Below are several records. Retype exactly those lines running from the one with "A picture of" through the one with "Black and white shorts size L", end lines included, and no others.

Supplied material:
====

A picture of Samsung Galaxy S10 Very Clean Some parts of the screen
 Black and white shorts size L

====

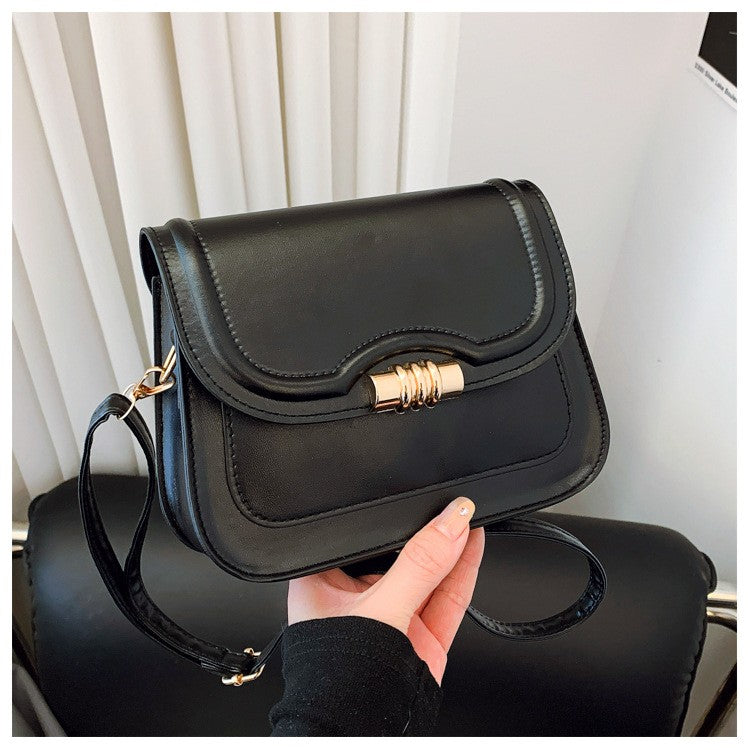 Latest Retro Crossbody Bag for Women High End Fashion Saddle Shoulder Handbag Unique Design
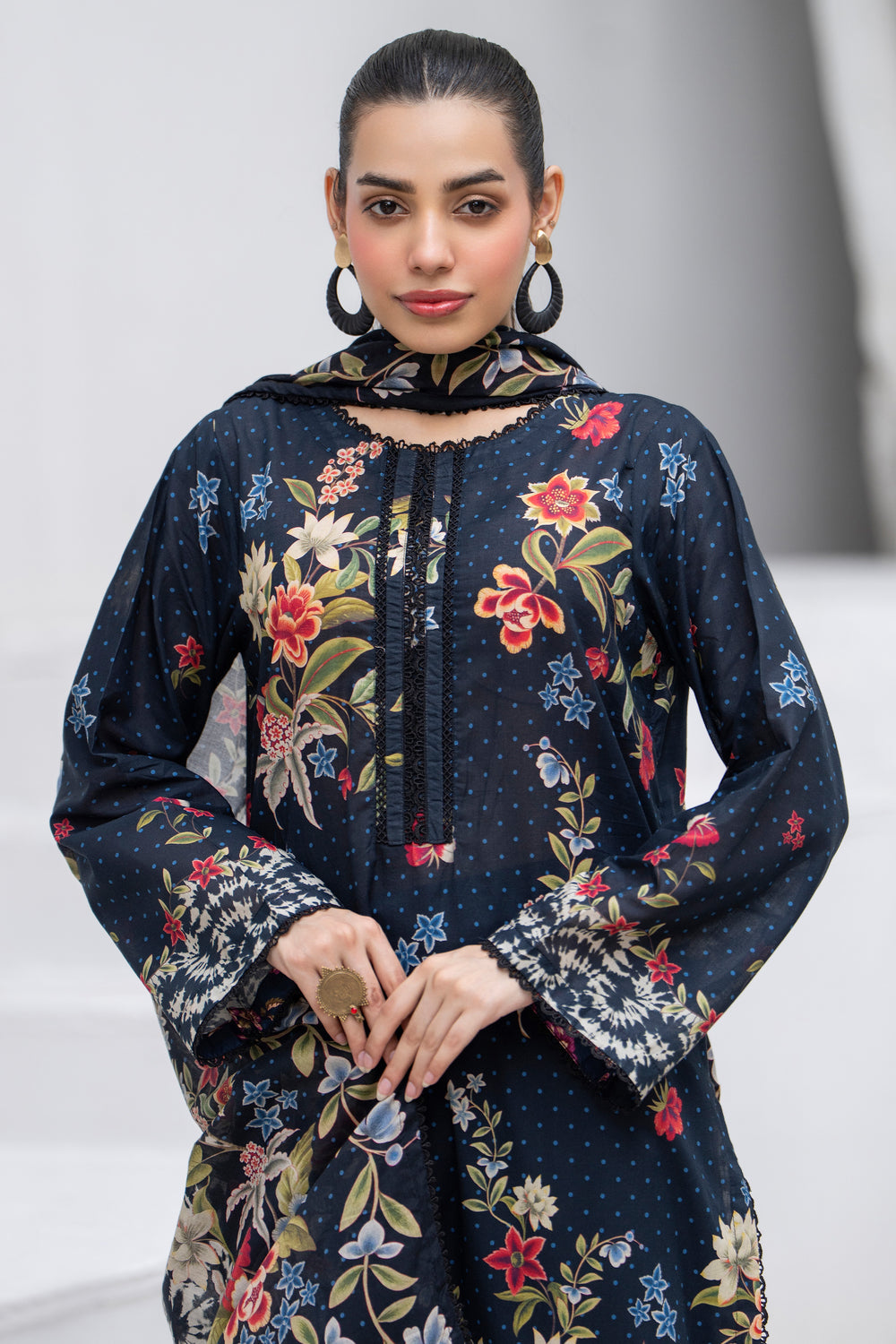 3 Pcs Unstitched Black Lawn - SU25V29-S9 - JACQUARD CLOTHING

====

Exercise result:
A picture of Samsung Galaxy S10 Very Clean Some parts of the screen
 Black and white shorts size L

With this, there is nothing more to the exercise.